Data records:
——

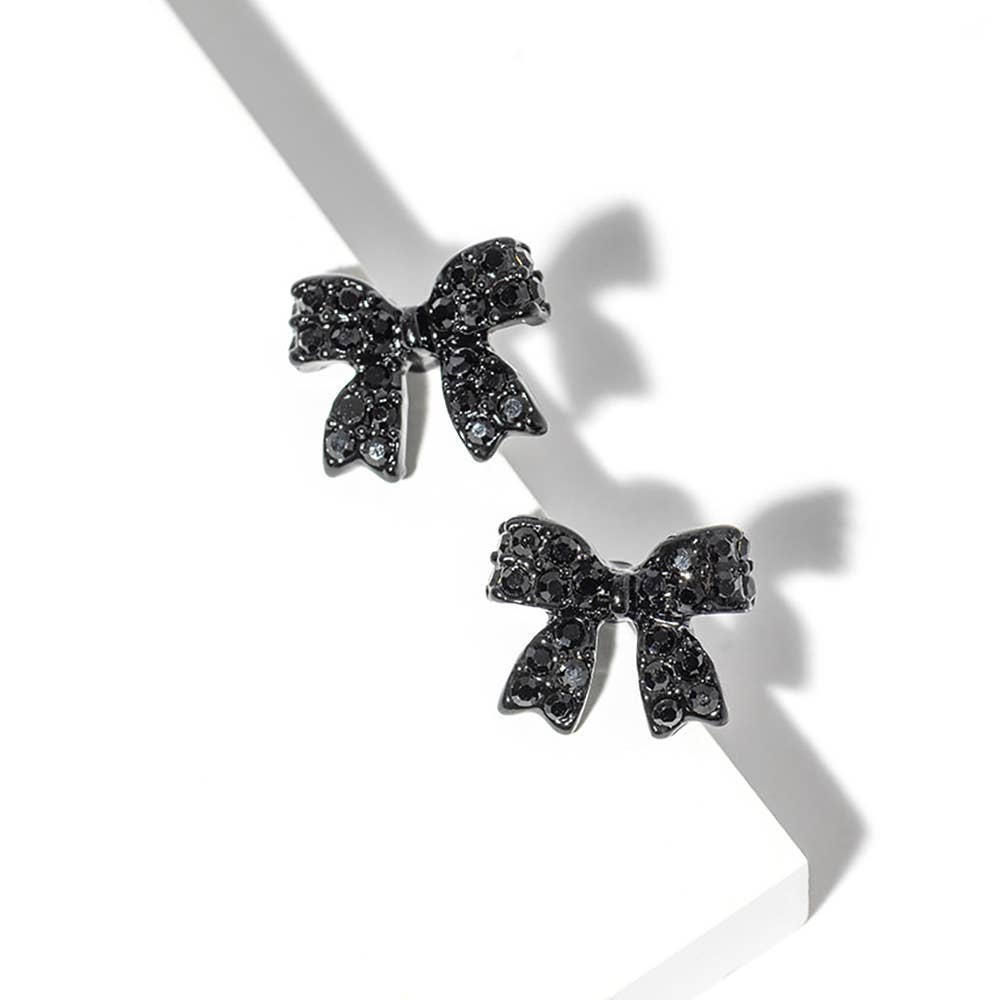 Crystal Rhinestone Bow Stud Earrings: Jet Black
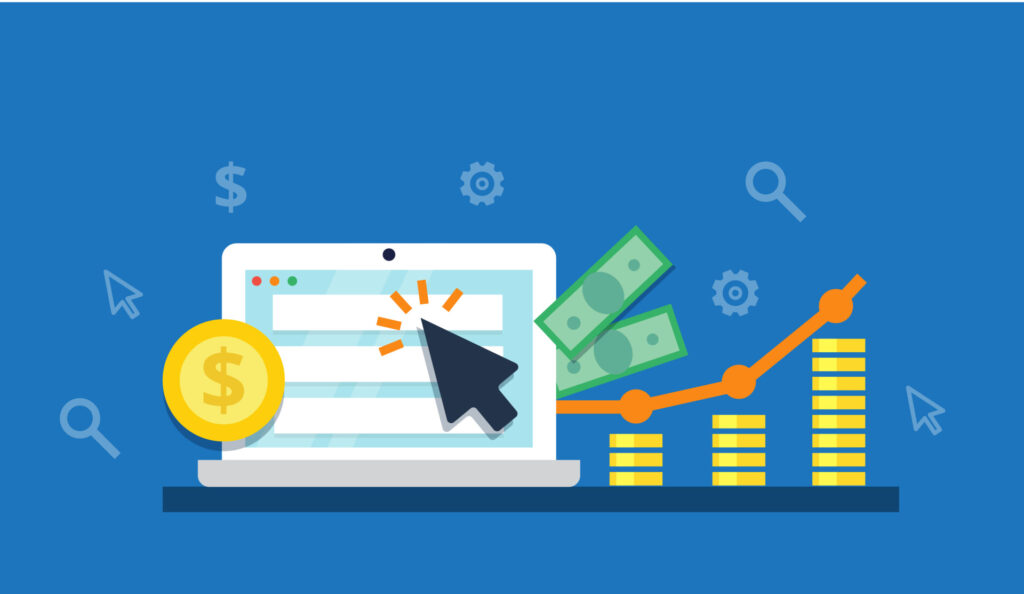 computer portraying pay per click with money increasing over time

——

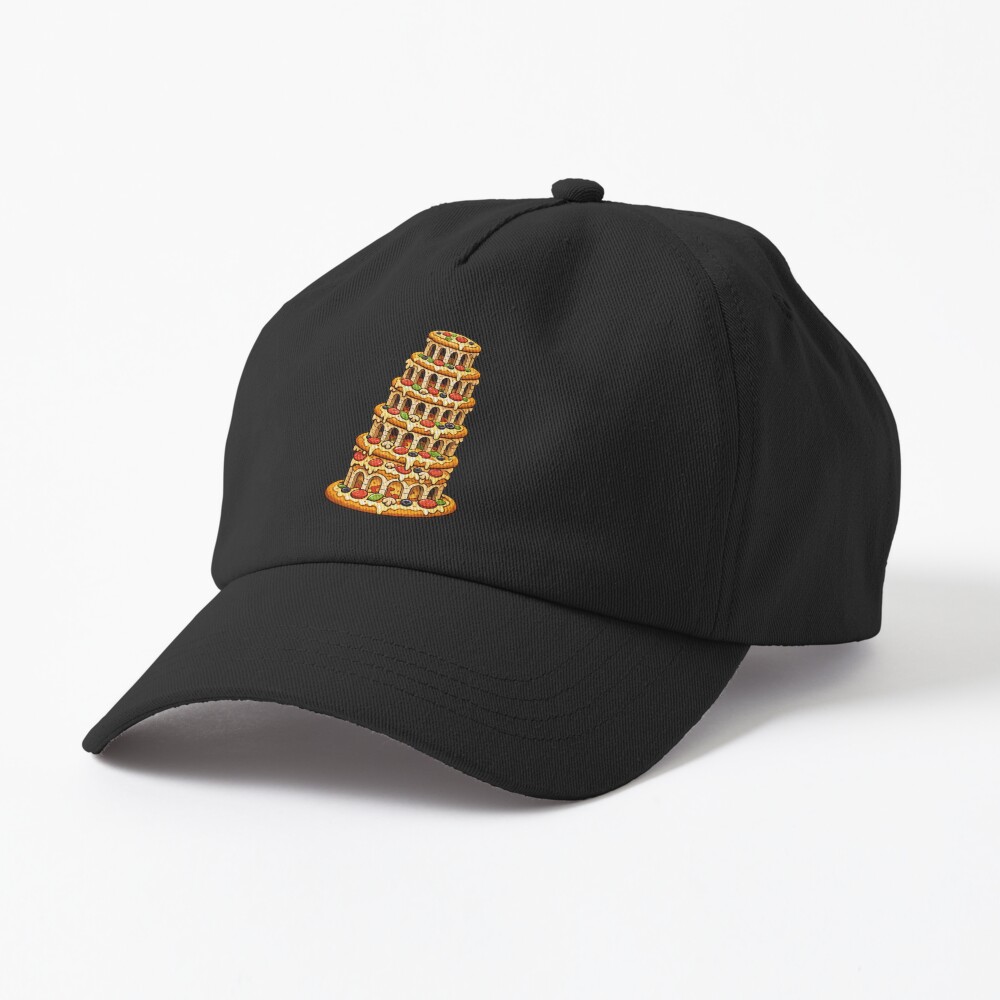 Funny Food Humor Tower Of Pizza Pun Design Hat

——

Directions for this task: Look above for the line with "Crystal Rhinestone Bow" and the line with "computer portraying pay"; set down those two lines and all lines between them exactly, without pictures and without anything else.

Output for this task:
 Crystal Rhinestone Bow Stud Earrings: Jet Black
 computer portraying pay per click with money increasing over time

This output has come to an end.